In Williamstown, as in many other towns and cities, transfer station fees may have to increase to make up the difference, said Town Manager Jason Hoch.

"The sad thing is it's cheaper for us to get rid of it as trash than it is to recycle," he said. "It's a bad place to be. It's a problem all over and there is no easy solution. Everybody is scrambling."

Hoch said this predicament should cause folks to put more emphasis on reducing their consumption of things like single-use plastics and reusing materials, rather than disposing of them.

The 12 towns that are members of the district are looking at a variety of ways to make room for the higher price of having recyclables hauled away, according to Linda Cernik, program coordinator for the Northern Berkshire Solid Waste District. Some will raise fees and bag prices for their transfer stations, while others might increase other related fees or through taxation.

Across the country, some municipalities are declining to pay to recycle some goods and have returned to the old practice of dumping it at a landfill. The loss of markets for recycled materials has led to suspended recycling programs in several places, including Gouldsboro, Maine; DeBary, Fla.; Franklin, N.H.; and Adrian Township, Mich. Programs have also been scaled back in Flagstaff, Ariz.; La Crosse, Wis.; and Kankakee, Ill.

'It will eventually come back' 

But despite the changes to the marketplace, advocates and some in the recycling business maintain that the act of recycling is the reward itself — in the form of a cleaner environment and less refuse heading into limited landfill space. And they note that markets fluctuate, expressing confidence that prices could rebound as new processing plants open to take advantage of the depressed prices. 

"It will eventually come back to $10 to $20 per ton," Mance said. "But it will probably never get back to $100 per ton."

Mance's company, TAM — one of the smaller recycling firms in the northeast — processes about 40 to 50 tons of recyclable materials per day. 

According to Dylan de Thomas, vice president of national nonprofit The Recycling Partnership, several paper processing plants have been commissioned and are anticipated to open in the coming months and years, taking up some of the slack in the market.
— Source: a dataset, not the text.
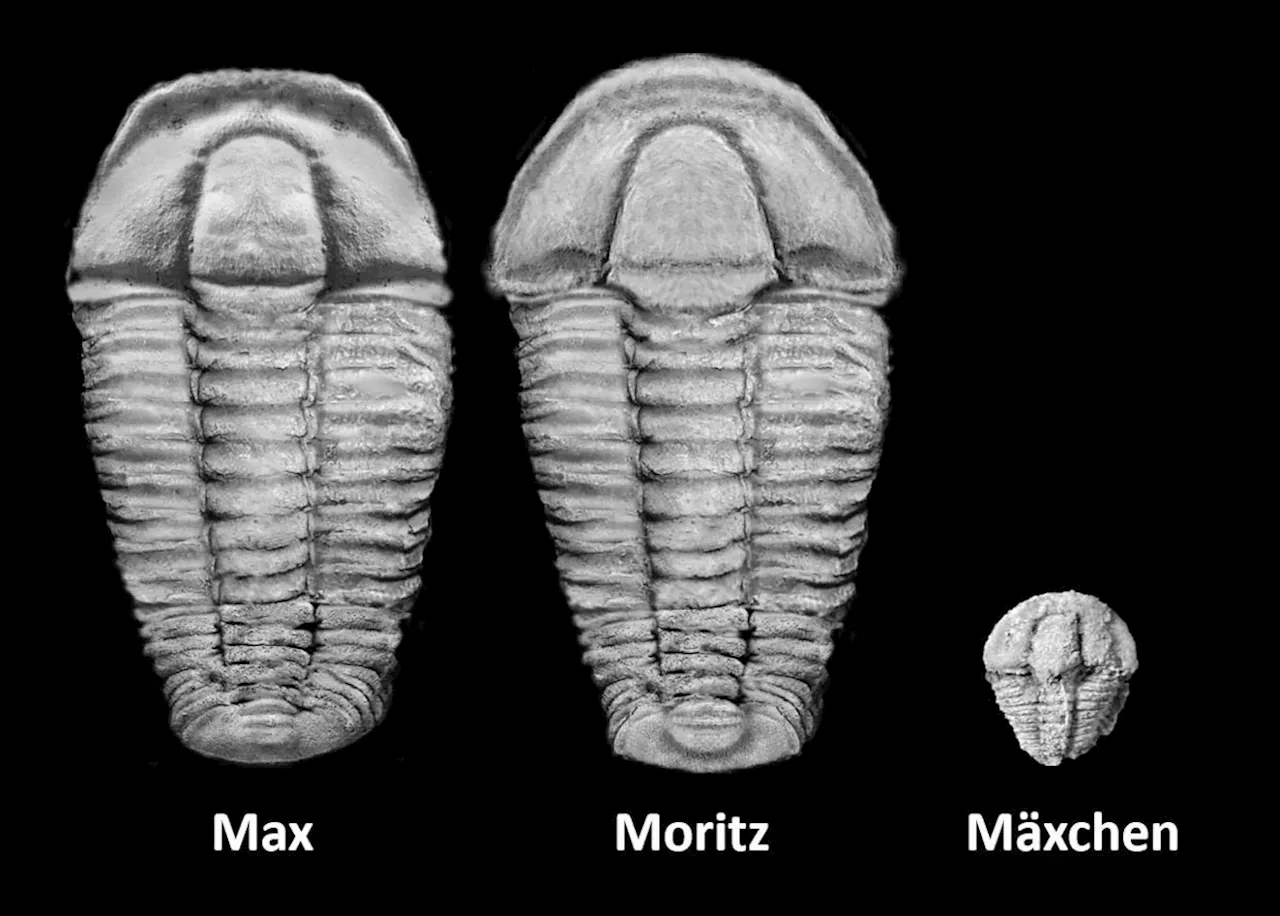 500 Millionen Jahre alte Fossilien im Frankenwald entdeckt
A partial list of these include Pratt Recycling New Box Mill in Ohio (opening late 2019); Green Bay Packaging in Wisconsin (spring 2021), Cascades in Virginia (2021) and Norpac in Longview, Wash. (2020).

And the massive international Chinese paper production corporation, Nine Dragons, is opening three new plants in Wisconsin, Maine and West Virginia during the next two years, de Thomas said.

"The market challenges are there — the mixed paper market was the most severely impacted by the China ban — but some robust markets remain," he said.

In 2015, de Thomas said, mixed paper was selling for $70 per ton. Today it sells for about $4 per ton. That kind of change will cause a ripple throughout the recycling market, and the resulting market adjustment is still under way.

"Mixed paper is still moving — slowly — but it is still moving," he said.

But whatever the recycling market does, that doesn't change the need for recycling, de Thomas noted. "Recycling shouldn't be about money in the first place," he said. "Recycling is its own reward." 

Communities are in the process of evaluating these fluctuations and are trying to find the right balance between expense and recycling.

"This has been a significant disruption in the marketplace," de Thomas said. "But everyone I've talked to expects these markets to come back, so we really should hold the course. 

Through it all, the processors, haulers, advocates and state officials all agree on this: Contamination of the recycling stream is the biggest challenge to maintaining a healthy market for recycled materials. 

When people put dirty pizza boxes, Christmas lights, plastic bags, lawn mower blades, disposable diapers, garden hoses and many other items into the recycling stream, the sorting becomes more expensive and machinery breaks down causing the cost of recycling to grow — which tends to shrink the effectiveness of the recycling industry and the value of the commodity.

"We've got to get people to care about doing this right," Mance said.